In the first court decision involving a legal challenge to the DOL rule, U.S. district judge Randolph Moss in Washington, D.C., turned back the
challenge brought by the National Association for Fixed Annuities.
In addition to seeking a preliminary injunction to delay the implementation date, NAFA also was asking the court to vacate and set aside the fiduciary rule and its associated exemptions.
“The court will deny NAFA's motions for a preliminary injunction and for summary judgment and will grant the [Labor] Department's cross-motion for summary judgment,” wrote the judge in
a memorandum opinion.
Secretary of Labor Thomas Perez, named in the suit, called the ruling "a win for working Americans who simply want a secure retirement."
"The conflicts of interest rule was developed after substantial input from a variety of stakeholders, including the industry, and it will make sure that retirement savers receive advice that puts their interests first," he said in a statement Saturday. "I'm pleased that the court recognized the comprehensive and thoughtful process we used in crafting this rule."
NAFA had challenged the new rules “on numerous grounds,” according to the memorandum, including the new definition of fiduciary and a claim that the DOL had acted beyond its authority.
(More: A comprehensive, searchable database of advisers' fiduciary FAQs)
NAFA further contended that “the new rules will have catastrophic consequences for the fixed indexed annuities industry.”
Meeting the April 2017 deadline for initial implementation of the rule is "almost an impossibility for the industry," Chip Anderson, NAFA's executive director, told
InvestmentNews when the lawsuit was filed in June.
NAFA's operation manager, Bailey Sorensen, did not return a call late Friday to comment.
Steve Hall, the legal director for Better Markets, a consumer group, called the court decision a “huge victory for all Americans saving for a safe and secure retirement.”
The DOL and Mr.

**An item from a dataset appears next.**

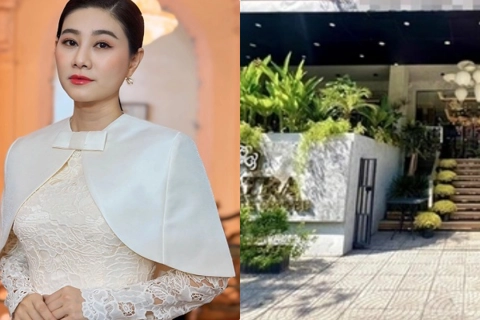 Ngắm Biệt thự, bất động sản của nữ Nghệ sĩ nhân dân Quế Trân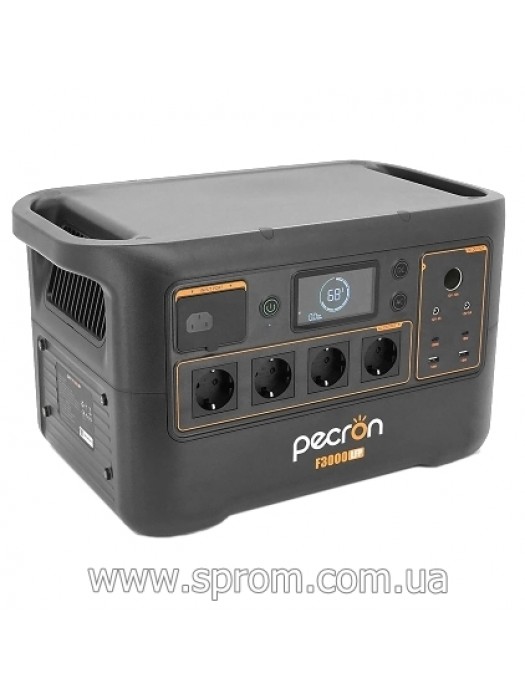 Зарядна станція Pecron F3000LFP (3072 Вт·г) Зарядна станція Pecron F3000LFP (3072 Вт·г)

Perez still face
five lawsuits from firms and industry trade groups seeking to stop the new fiduciary rule.
Mr. Perez has publicly been very positive about the law standing up to court challenges.
“I'm very confident,” he told an audience in June at a National Press Club luncheon in Washington.
Mr. Perez said two factors weigh in favor of the regulation. First, as he reiterated in the statement Saturday, the DOL conducted an “inclusive and deliberate [regulatory] process” in which it sought extensive comments and modified the rule in response to criticisms.
Second, the regulation can stand on its merits, he said.